The Digitech MIDI Vocalist is an intelligent pitch‑shifter. This means that it 'understands' the rules of harmony and can add harmonies to a lead vocal that are appropriate to the key of the song. (Brian May soundalikes may substitute 'guitar' for 'vocal' in the previous sentence, because the unit is not restricted to vocal processing.) Being intelligent and bestowed with a certain amount of good taste, this is not a unit for creating weird, delayed feedback pitch‑shift effects, although you can certainly construct such sounds with the aid of a delay unit and a little bit of mixing console know‑how.
Up to four harmonies are allowed in four distinct and useful modes of operation. Taking a look at the front panel first, the most obvious feature is the group of six buttons set into a musical staff with a treble clef. If you were thinking that the positions of the buttons on the staff meant something, then you had been fooled too. It's simply a design feature, but the fact that they slope at an angle does represent the relative pitches of the harmonies, if not the actual notes. These six buttons allow the user to select four harmonies spaced above or below, or in unison, with the input note. It's a quick and easy way to create the harmony voicing you are looking for and the MV5 will select the actual pitches for you.
Bypassing for the moment a group of six buttons which select the mode of operation and the key of the song — more on these later — we come to three rotary controls which set the input level, the output level of the lead vocal (the source signal) and the level of the harmonies. It couldn't be simpler. A front panel XLR is provided (sadly, without phantom power) for a microphone input.
For those of you who are as interested in the back of equipment as in the front panel, the principal features are a line input, stereo outputs, and the normal trio of MIDI sockets. Another socket is provided for the Digitech FS300 footswitch, which can be used to control the Set Key, Harmony Mode, and Bypass functions. A single momentary action footswitch may be used to control the Bypass function. Also on the back is the input for the 'wall‑wart' power supply. I'll continue to complain about these devices as long as manufacturers use them because, as well as being inconvenient, I know that the easiest way to destroy equipment is to get your warts mixed up. This is easily done, since they seem to come in an endless variety of different voltages and polarities.

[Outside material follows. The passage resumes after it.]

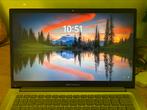 Laptop asus vivobook 14, 512GB, Computers en Software, Windows Laptops, Ophalen, ASUS, 14 inch, 512 GB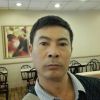 李明宏的头像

There is a fortune awaiting the inventor who can design a powering system that is as convenient for the manufacturer (allowing them to sell identical units worldwide) as a wall‑wart and works for the user, too.
Having dealt with the hardware, let's look individually at the MV5's four modes of operation.
To produce chordal harmonies, the MV5 needs two inputs. One is your voice (or lead instrument) and the other is MIDI information from your keyboard. In this instance the keyboard isn't used to generate sounds, just to tell the MV5 which harmonies to create. In a studio situation you would probably record the lead vocal onto tape and spend as much time perfecting it as you need, whilst the MV5 quietly bides its time in the rack. Then you could record basic chords into your synchronised sequencer, which you would then play back via MIDI into the MV5. The MV5 will analyse the chords you play, and automatically select suitable harmonies based on these chords and the settings of the Harmony Voicing buttons on the front panel. As you record the harmonies to tape you will probably drop in and out of record mode, so that harmonies only go where you want them, since the MV5 in this mode will always create harmonies according to the last MIDI data it received.
As well as being useful in the studio, the MIDI Vocalist could be exploited in a live situation by a singer/keyboard player performing solo in a bar, for instance. In this situation, the keyboard is being used for accompaniment, as well as transmitting MIDI data to the MV5 telling it about the chords being played. Here we have potential for confusion, since any fancy arpeggios, grace notes or glissandi could fool the MV5 into creating the wrong harmonies.
Obviously a little bit of extra care is necessary in playing, along with tasteful use of the Bypass footswitch. To help matters though, the MV5 can be instructed to respond over a set range of MIDI notes only and ignore all others. This is easy to achieve, and it would only take a moment to reset the zone between songs.
If you are wondering whether the MV5 has a full understanding of harmony, or whether it can only handle Status Quo songs, then take a look at the list of chord types (see box). The great thing is that even if you don't know a flattened fifth from a sharpened Chinagraph, the MV5 does and the harmonies will always fit in with the chords you are playing.
While Chordal mode will nearly always work for most types of music, it tends to produce harmonies that are a bit static. In fact, they are only as static as the MIDI notes you send to the MV5, but one's fingers always seem tempted to the same intervals as long as they seem to be working. Scalic mode, on the other hand, doesn't always work for every style of music, but it will produce much more activity in the harmony lines. If you think of Chordal mode as a choir backing a solo voice, and Scalic mode as a more interactive style of harmony, then you won't go far wrong. Alternatively you can think of Chordal as 'Amazing Grace' mode, and Scalic as 'Eagles' mode. (It's OK — they're trendy again!).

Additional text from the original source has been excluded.